Tenor

1. Die in den in Anlage 1 aufgeführten Gaslieferverträgen der Betroffenen enthaltenen Vereinbarungen hinsichtlich langjähriger Bezugsverpflichtung und Grad der tatsächlichen Vertriebsbedarfsdeckung verstoßen in ihrer Kombination gegen Art. 81, 82 EG und § 1 GWB.

2. Die Betroffene wird verpflichtet, die Durchführung solcher Vereinbarungen in den in Anlage 1 aufgeführten Gaslieferverträgen bis spätestens zum 30. September 2006 abzustellen.

3. Der Betroffenen wird ab sofort der Abschluss von Vereinbarungen in Gaslieferverträgen mit den an ihre in Deutschland gelegenen Versorgungsleitungen angeschlossenen Regional- und Ortsgasunternehmen mit einem Gesamtvertriebsbedarf von mehr als 200 GWh pro Jahr insoweit untersagt, als

  1. die Laufzeit von Verträgen mit einer Deckung des tatsächlichen Vertriebsbedarfs des Abnehmers von über 50 % bis einschließlich 80 % vier Jahre überschreitet oder die Laufzeit von Verträgen mit einer Deckung des tatsächlichen Vertriebsbedarfs des Abnehmers von über 80 % zwei Jahre überschreitet,
  2. im Falle der Belieferung des Abnehmers durch mehrere Lieferanten die Bereitschaft der Betroffenen zur Risikoabdeckung, d.h. die auf einem prozentualen Anteil am tatsächlichen Vertriebsbedarf basierende vertragliche Lieferverpflichtung mit einer mengenmäßig und zeitlich schwankenden Nachfrage in Einklang zu bringen, nicht mindestens der Höhe ihres Lieferanteils entspricht, es sei denn ihr Lieferanteil übersteigt nicht 50 %.

Dabei sind

  1. mehrere Lieferverträge zwischen Lieferant und Kunde hinsichtlich ihrer Lieferanteile oder Laufzeiten als ein Vertrag anzusehen,
  2. Liefermengen von im Sinne der Verbund- und Mehrmütterklausel des § 36 Abs. 2 GWB zusammen zu betrachtenden Unternehmen mit demselben Kunden zu addieren,
  3. Lieferverträge, deren Laufzeit sich über einen zunächst festgelegten Zeitraum hinaus stillschweigend verlängern kann, als auf unbestimmte Dauer vereinbart anzusehen.

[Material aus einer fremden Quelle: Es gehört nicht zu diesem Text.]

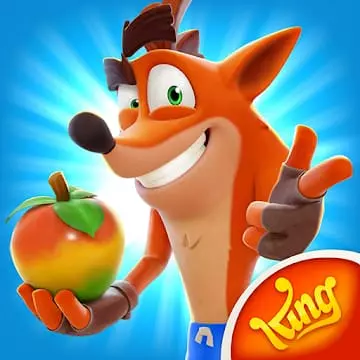 Crash Bandicoot Mod APK 1.170.29 (Menu, Bất Tử, Nhảy Cao)
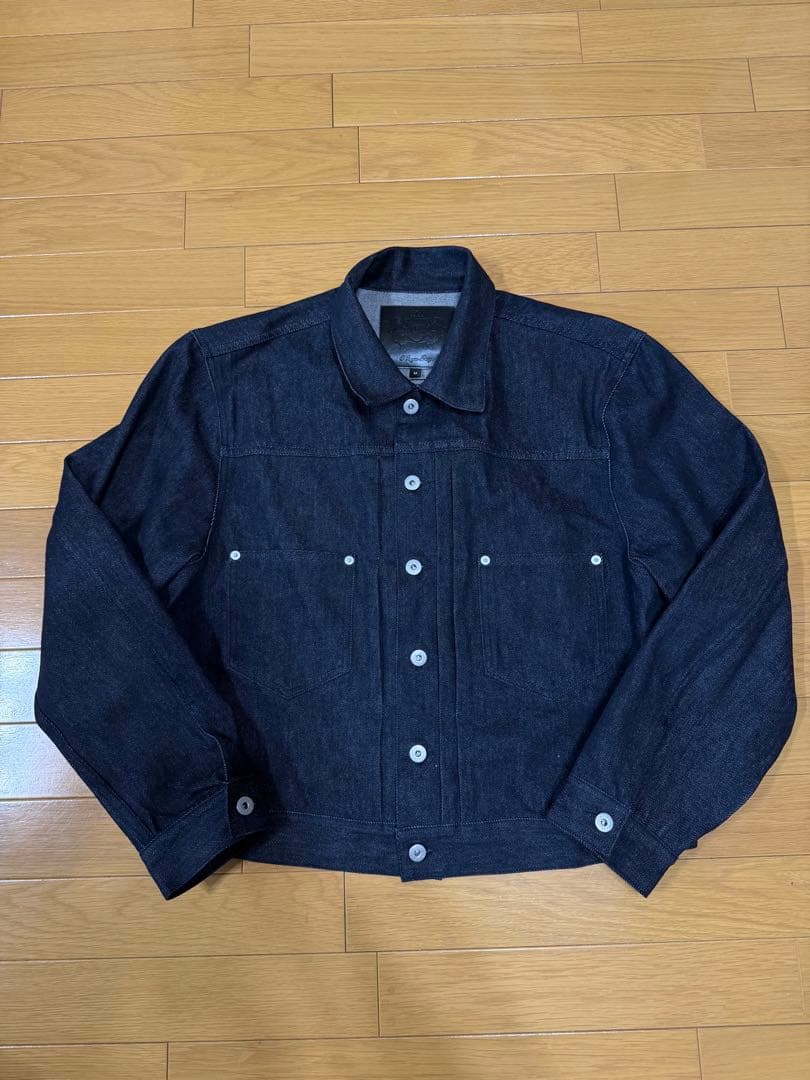 萊紀 6crayon indigo denimセットアップ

4. Die unter Ziffer 3 ausgesprochene Untersagung gilt bis zum Ende des Gaswirtschaftsjahres 2009/2010 (30. September 2010).

5. Der Widerruf von Ziffer 3 und 4 dieser Verfügung bleibt vorbehalten.

 

Tatbestand

Die gegenwärtige Praxis der Betroffenen, einen Großteil ihrer Regional- und Ortsgaskunden langfristig mit der Abnahme von mehr als 80 % ihres Gas-Vertriebsbedarfs, d.h. der benötigten Gasmenge zum Zwecke der Weiterverteilung, an sich zu binden, verstößt gegen europäisches und deutsches Kartellrecht.

A.

Sachverhalt

I. Die Betroffene

1. Die Betroffene ist in Europa eines der führenden und in Deutschland das größte Ferngasunternehmen mit einem Jahresumsatz in 2004 von 12,75 Mrd. EUR.[1] Sie erreichte im Jahr 2003 [2] mit einem inländischen Absatz in Höhe von rd. 640 Mrd. kWh knapp 65 % des gesamten inländischen Erdgasaufkommens von 992 Mrd. kWh. Das genannte inländische Erdgasaufkommen umfasst die Produktion in Deutschland, die nach Deutschland importierten Mengen abzüglich der exportierten Mengen, die Einspeisemengen in Speicher und den Eigenverbrauch der Lieferanten.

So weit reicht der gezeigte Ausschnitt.